Solr
  1. Solr
  2. SOLR-2907

java.lang.IllegalArgumentException: deltaQuery has no column to resolve to declared primary key pk='ITEM_ID, CATEGORY_ID'

    Details

      Description

      We are using solr for our site and ran into this error in our own schema and I was able to reproduce it using the dataimport example code in the solr project.
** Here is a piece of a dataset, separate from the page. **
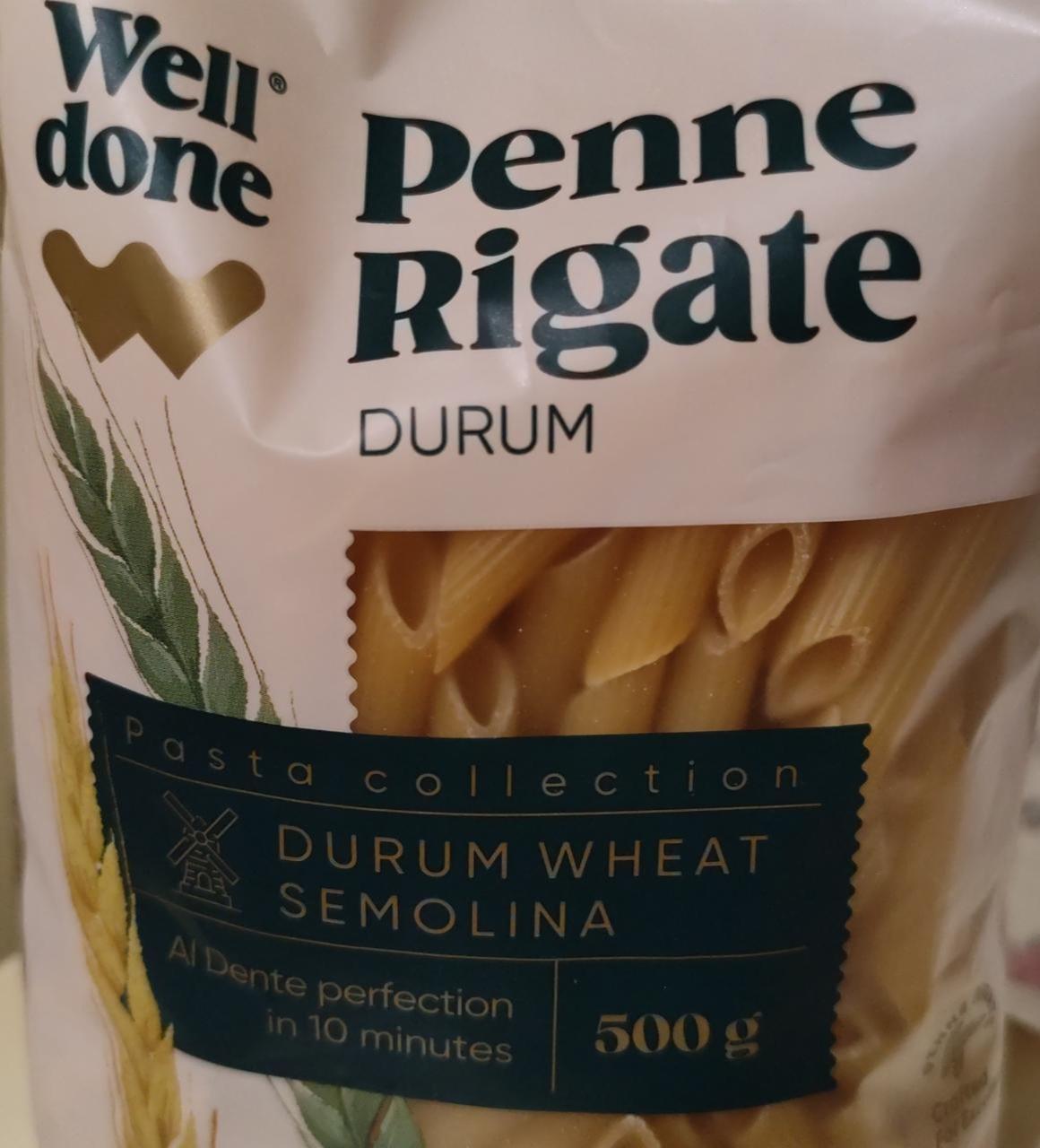 Фото - Penne rigate durum Well done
We do not get this error in SOLR 1.4 only started seeing it as we are working to upgrade to 3.4.0. It fails when delta-importing linked tables.

      Complete trace:
      Nov 18, 2011 5:21:02 PM org.apache.solr.handler.dataimport.DataImporter doDeltaImport
      SEVERE: Delta Import Failed
      java.lang.IllegalArgumentException: deltaQuery has no column to resolve to declared primary key pk='ITEM_ID, CATEGORY_ID'
      at org.apache.solr.handler.dataimport.DocBuilder.findMatchingPkColumn(DocBuilder.java:849)
      at org.apache.solr.handler.dataimport.DocBuilder.collectDelta(DocBuilder.java:900)
      at org.apache.solr.handler.dataimport.DocBuilder.collectDelta(DocBuilder.java:879)
      at org.apache.solr.handler.dataimport.DocBuilder.doDelta(DocBuilder.java:285)
      at org.apache.solr.handler.dataimport.DocBuilder.execute(DocBuilder.java:179)
      at org.apache.solr.handler.dataimport.DataImporter.doDeltaImport(DataImporter.java:390)
      at org.apache.solr.handler.dataimport.DataImporter.runCmd(DataImporter.java:429)
      at org.apache.solr.handler.dataimport.DataImporter$1.run(DataImporter.java:408)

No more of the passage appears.